The plots involving the Ek family and Benjamin’s disappearance were not terribly well integrated. The Ek plot seemed little more than a device to introduce Erik Bark and I felt it had more potential to be developed in its own right or could have been knitted into the main plot more fully. I wonder whether one was Alexandra’s plot and one was Alexander’s.

There is another gripe I have with the plotting. The main theme is that the past is never past: as a hypnotist, Bark’s research is to resolve his patients’ traumatic histories; Erik’s past betrayal gives Sixan’s present misunderstanding real pain. And the past is at the root of Benjamin’s kidnapping which we learn is rooted in the reasons why Erik gave up hypnotism. But he doesn’t remember that incident until he comes across a video of a hypnosis session. It just didn’t strike me as realistic that the phrase “the haunted house” would not have triggered Erik’s memory as soon as he had heard it!

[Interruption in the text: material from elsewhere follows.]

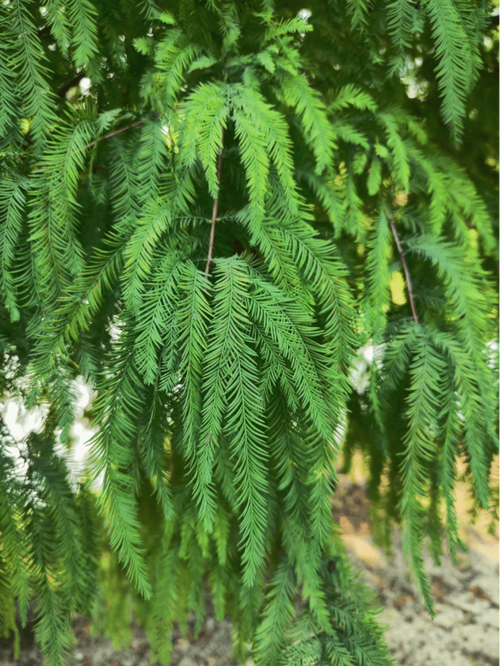 植物宗师 植物大师百度百科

Altogether though, a decent well paced thriller. And insofar as genres are useful (limited if at all: I do find genre a limiting concept. The temptation is to only read the books that a publisher has given a certain label too. Surely the only real genres are books-I-like and books-I-don’t-like. Otherwise we end up with Polonius wondering whether a book is

tragedy, comedy, history, pastoral, pastoral-comical, historical-pastoral, tragical-historical, tragical-comical-historical-pastoral, scene individable, or poem unlimited.

Anyway, rant over…) I’d say it is a thriller rather than crime because of the prominence of Bark as a character over Linna.